Drew Warshaw, a former affordable-housing nonprofit executive, is running in the June 23 Democratic primary for New York state comptroller, an office that oversees the New York State Common Retirement Fund and the state’s unclaimed-property program. Warshaw says the pension fund has paid billions in investment fees and argues for shifting more assets toward low-cost index funds, while also proposing broader policy changes on housing, energy costs and divestment.
Drew Warshaw has left the affordable-housing nonprofit he led and is campaigning for New York state comptroller, an elected office with broad authority over state audits, unclaimed property and the investment management of the New York State Common Retirement Fund.
The comptroller’s office is currently held by Democrat Thomas P. DiNapoli, who has said he is seeking another term. The Democratic primary is scheduled for June 23, 2026.
A central plank of Warshaw’s campaign focuses on the pension fund. The fund was valued at about $297.8 billion in the state comptroller’s reporting for the 2025–26 fiscal year’s third quarter. Warshaw argues that, over roughly the past two decades, the fund has relied too heavily on outside investment managers and expensive strategies.
Warshaw’s campaign has claimed that just over 650 Wall Street bankers and investment managers have been paid more than $11 billion in fees and that pension-fund underperformance has translated into an estimated $59.1 billion in higher property and income taxes to keep the fund fully funded under state requirements. Warshaw has described this dynamic as “the largest transfer of wealth that no one knows anything about.” Those fee and tax estimates are presented by Warshaw’s campaign and were not independently confirmed in the provided source material.
Warshaw says he would reduce reliance on private equity and hedge funds and move more money into diversified, low-cost index funds. Public reporting has noted that a significant share of the fund’s public-stock portfolio is already indexed.
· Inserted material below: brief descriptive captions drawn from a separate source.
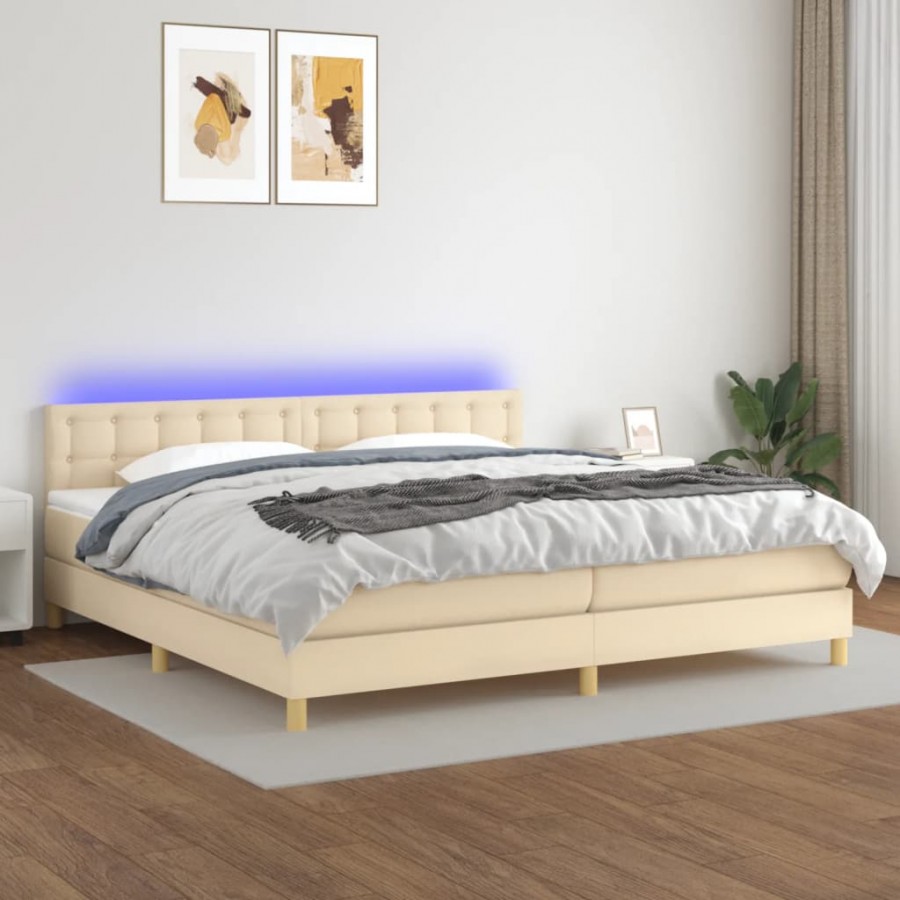 Cadre de lit et matelas et LED Crème 200x200cm Tissu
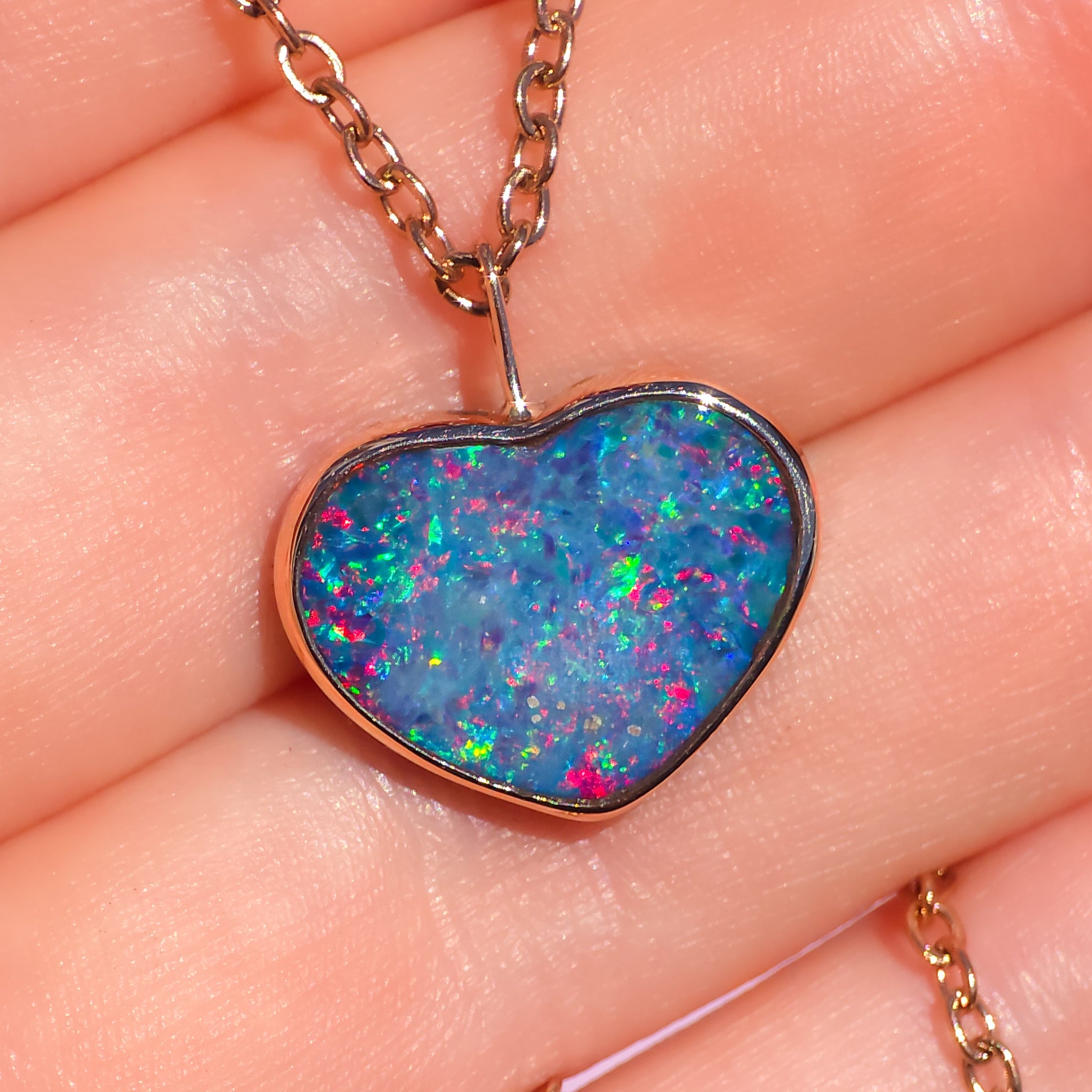 ROSE HEART | 14K Gold Coober Pedy opal doublet necklace/ heart opal pendant / pink heart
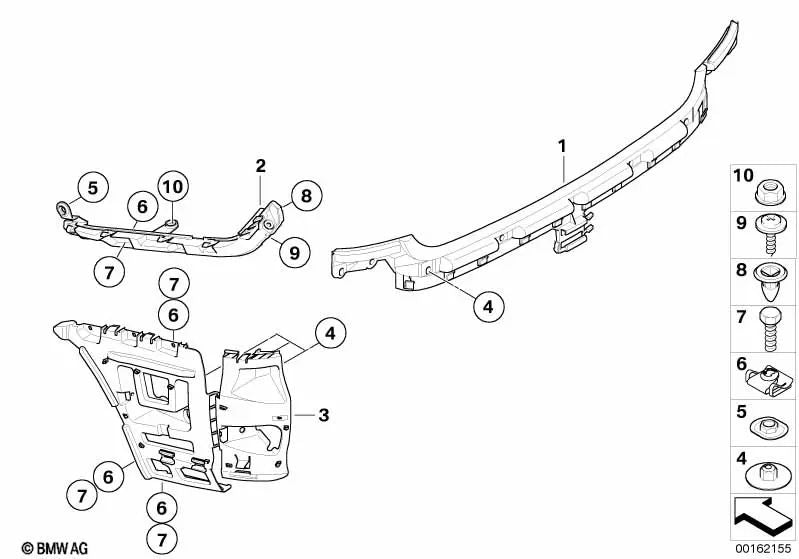 Guía izquierda para BMW Serie 1 E82 (OEM 51128051611). Original BMW.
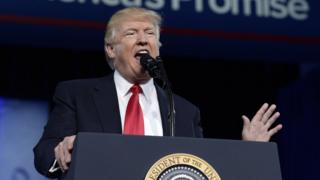 US President Donald Trump delivers remarks to the Conservative Political Action Conference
To bolster the case for a more passive approach, Warshaw has pointed to examples from other states’ retirement systems, including the Nevada Public Employees’ Retirement System under former executive Steve Edmundson, which he says achieved competitive results with a simpler strategy.
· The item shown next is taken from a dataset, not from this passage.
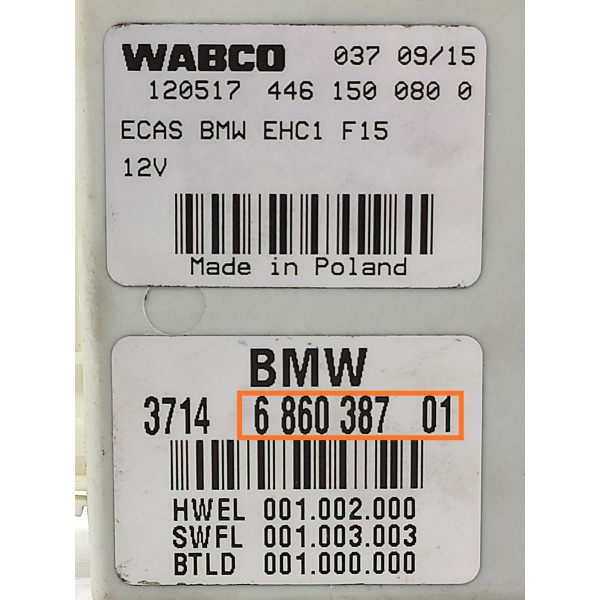 Modulo Suspensao Ar Bmw X5 X6 6860387 3714686038701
Warshaw has also said he would push the fund to divest from fossil fuel holdings and from companies he argues are tied to immigration enforcement and surveillance, including Palantir. He has additionally called for ending the state pension fund’s purchases of Israel bonds; New York State’s comptroller reported in 2023 that the pension fund’s Israel bond holdings totaled about $267.8 million at that time, while Warshaw’s campaign and allied commentary have cited a higher figure.
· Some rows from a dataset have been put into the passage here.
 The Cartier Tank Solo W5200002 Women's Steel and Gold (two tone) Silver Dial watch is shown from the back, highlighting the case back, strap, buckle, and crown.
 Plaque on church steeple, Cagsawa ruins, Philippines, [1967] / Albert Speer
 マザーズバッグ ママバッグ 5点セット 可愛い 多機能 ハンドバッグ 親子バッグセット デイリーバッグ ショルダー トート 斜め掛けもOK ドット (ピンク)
Beyond pension investing, Warshaw has proposed using pension capital to finance permanently affordable housing, describing a $20 billion commitment as a goal. He has also said he would use the comptroller’s auditing authority to scrutinize building codes, utility regulation and insurance costs.
Warshaw has also made the state’s unclaimed-funds program a campaign issue. New York’s unclaimed property pool totaled $7.2 billion in 2006, according to contemporaneous reporting, and the state comptroller’s office and other reporting have recently said the total has risen to more than $20 billion. Warshaw says he would seek to return more of that money automatically to eligible owners using data tools, rather than relying primarily on people to search for and file claims.